No man exemplifies this danger like Sabu. Homicidal. Suicidal. Genocidal. The death-defying maniac. Sabu was unlike any wrestler who came before him. His style was uniquely reckless. He’d jump off chairs. Blindly throw them at his opponents head. Half of the time when he’d attempt to jump off the top rope, he’d fall off. This was a feature, not a bug. He’s send his opponents through tables, but would send himself through them more. When Sabu was in the ring, time stood still, your knuckles became a little whiter, your teeth a bit more clenched. ECW was built on danger and an “anything could happen” vibe. Sabu was its poster boy.
This recklessness fit perfectly into the first and only barbed wire match in ECW history. Sabu wrestled Terry Funk, himself known for his craziness and unpredictability. The result was a match so barbaric that Paul Heyman said he knew he could never do it again. The ropes were completely replaced by barbed wire. Every movement by either wrestler could lead to either being hurled into the web of wire.
This match is not memorable because it is great. It is barely good. It is not memorable because it is an epic; it ends awkwardly. It is memorable because it is sick and twisted and fucked up and real. Sabu’s pants get completely shredded early from the wire, barely hanging onto his body. This is burned into my brain forever. His arm got caught on the wire and had to be ripped off. This is burned into my brain forever. Sabu hurled himself off of a chair into the wire so hard that he sliced his arm badly. He used tape to close up the wound while still taking moves from Funk. This is burned into my brain forever. The match ends in a no contest because both men became so entangled with the wire and each other that they had to be cut out. This is burned into my brain forever.

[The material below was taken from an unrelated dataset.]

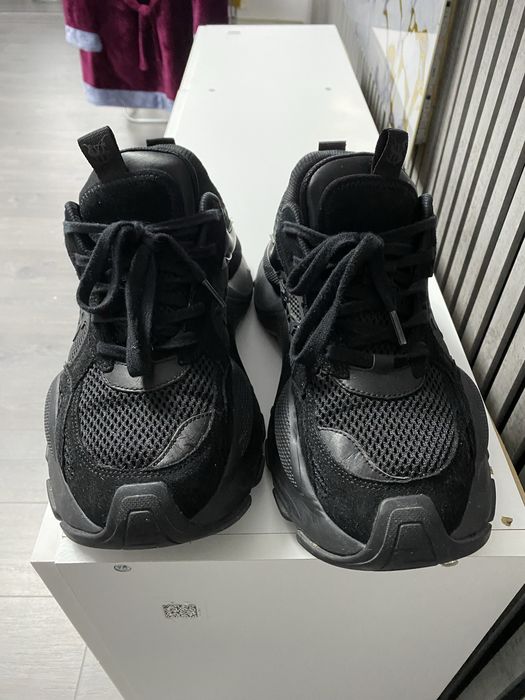 Adidasi made by society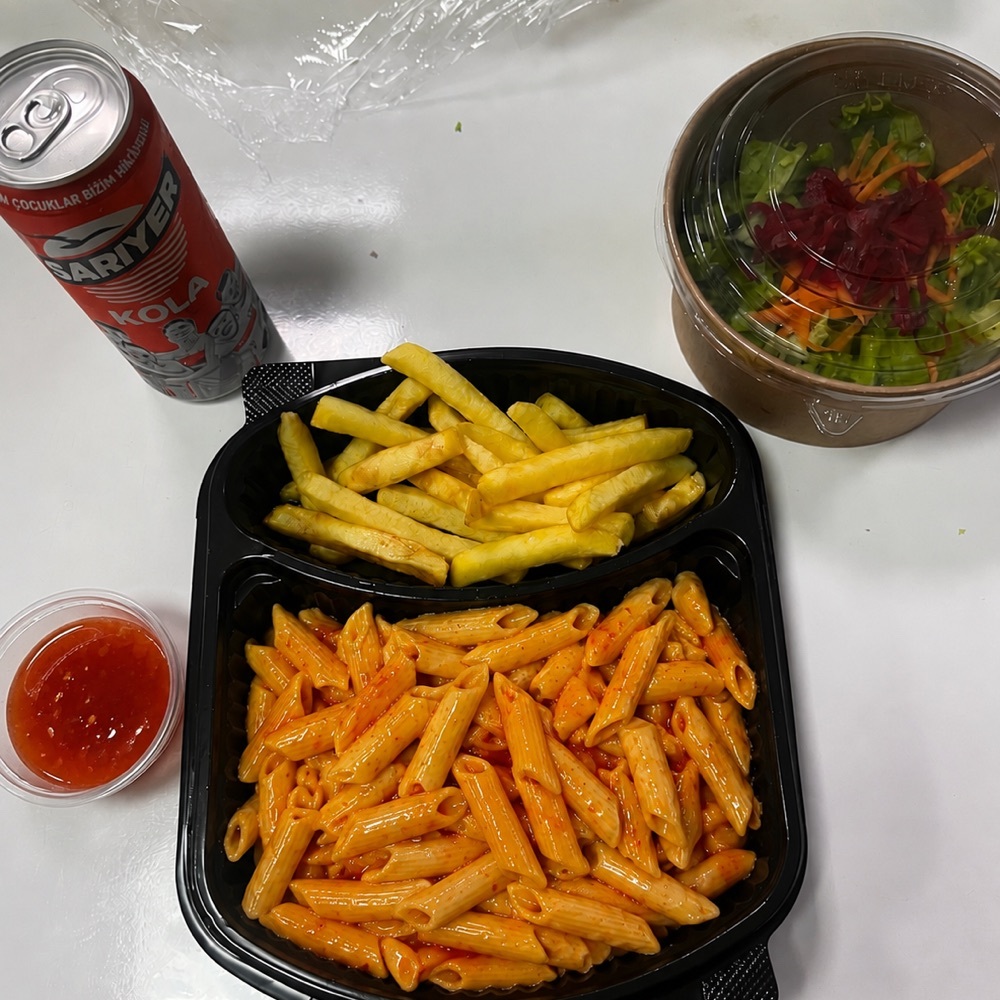 Sweet Chilli Soslu Makarna Menüsü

There is some debate as to Sabu’s legacy and how influential he has been to wrestling history. To me, he is one of the most influential wrestlers of the last 30 years. No one else has been so wild, so barbaric, so reckless and so dangerous. He is a one of one. He is burned into my brain forever.
- Sabu vs. Taz – The pinnacle of Sabu’s ECW career
- Sabu & RVD vs. Hayabusa & Shinzaki – Sabu faces off against Hayabusa, who notably took major influence from Sabu.
- Hangman Page vs. Jon Moxley – the brutality of Born to be Wired laid the groundwork for this
Jushin Thunder Liger vs. Naoki Sano
NJPW New Spring Gold Series
Keiichi Yamada didn’t need to prove to anyone that he was a good wrestler by the time he donned the red and white bodysuit as Jushin Thunder Liger. Since his debut in 1984, Yamada had rubbed shoulders with the best wrestlers in the promotion, both in his role as a junior heavyweight and in multi-man matches with the likes of Antonio Inoki, Riki Choshu and Tatsumi Fujinami. The company knew they had something, they just needed to find the right direction.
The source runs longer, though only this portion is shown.